Jets privés et méga yachts : nuisances de l' "abondance"
Cet été, comme tous les étés, c’était retour au bercail familial. J’ai pris l’habitude de vous parler de Bonifacio, mon petit village au sud de la Corse (peuplé en bonne partie par ma famille 😉), et de ses méga-yachts qui envahissent le port dès l’été commencé. Cet été n’y a évidemment pas échappé.

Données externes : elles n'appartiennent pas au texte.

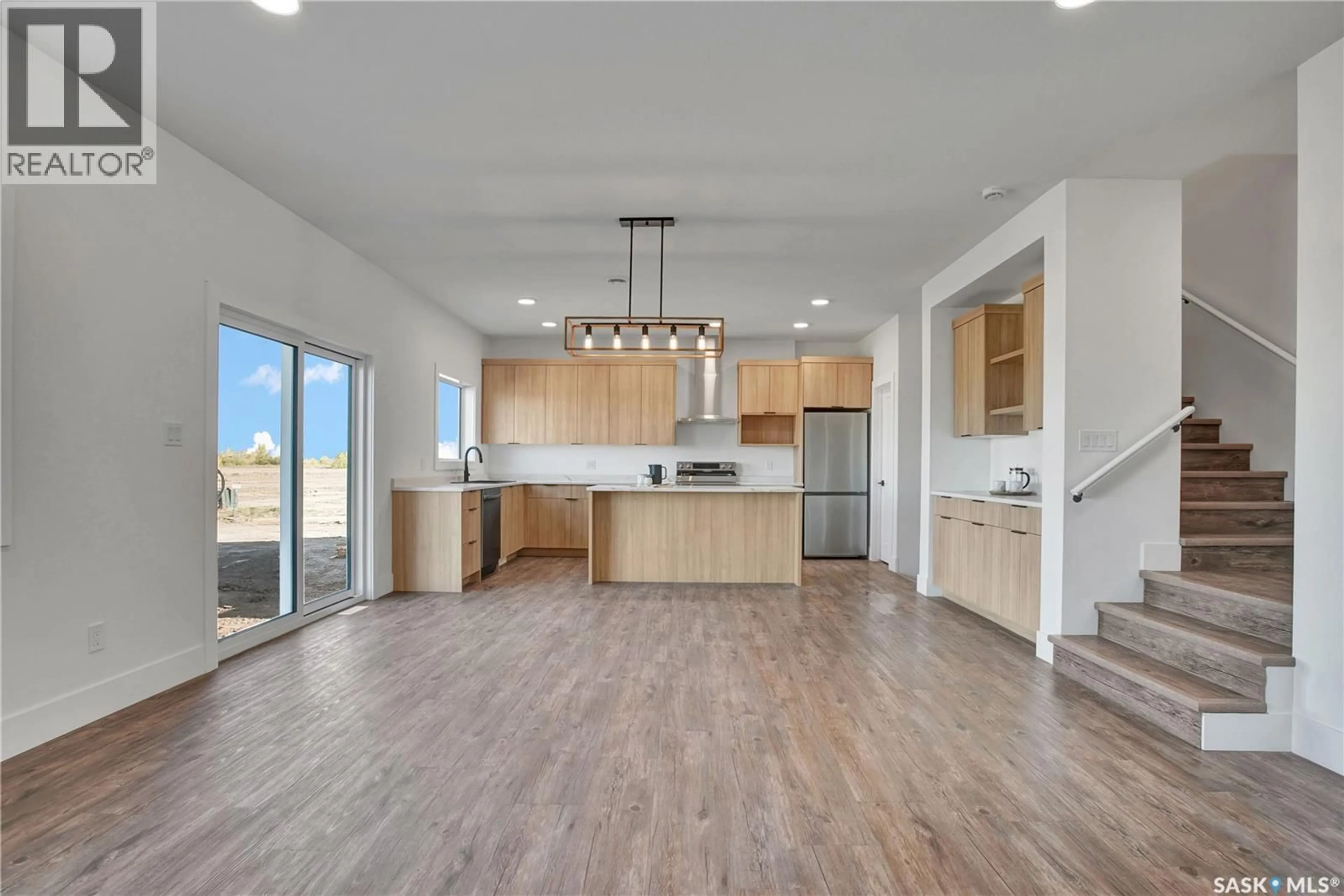 Open concept kitchen, wood/laminate floor for 109 EMMA CRESCENT, Martensville Saskatchewan S0K2T1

Alors comme chaque année, j’ai arpenté le port en sirotant une glace et fait ma revue annuelle des paradis fiscaux d’immatriculation de ces yachts. Cette année encore, la concurrence était forte entre Valetta (Malte) et GeorgeTown (îles Caïmans). Cette année encore, l’indécence de leur richesse contrastait avec la nullité de leurs impôts. Cette année encore, je savais pourquoi je mène d’arrache-pied depuis tout ce temps ce combat contre l’évasion fiscale. Et puis ce n’est pas comme s’ils n'avaient pas les moyens de payer leurs impôts : pendant que vous faisiez les fonds de tiroir pour payer un plein d’essence à 100€ et pouvoir partir en vacances, ces milliardaires dépensaient des dizaines de milliers d'euros rien que pour un plein. Tiens, prenez ce yacht l’Utopia (quelle ironie d’appeler son yacht Utopia !), c’est une consommation d’essence par heure équivalente à quasiment un SMIC. Et probablement à plus d’une année à rouler dans votre vieille voiture.
Mais cette année, comment ne pas être également fou de rage par l’utilisation sans compter de l’eau par ces méga-yachts alors que la Corse était au stade critique de l’alerte sécheresse ? Chaque petit recoin de ces immeubles flottants est astiqué, ré-astiqués, même les toiles et parfois ils arrosent même en l’air. Comme si l’Europe ne connaissait pas la pire sécheresse depuis 500 ans. Comme si plus d’une centaine de communes n’étaient pas déjà privées d’eau potable. Comme si l’eau n’était pas devenue une ressource si précieuse.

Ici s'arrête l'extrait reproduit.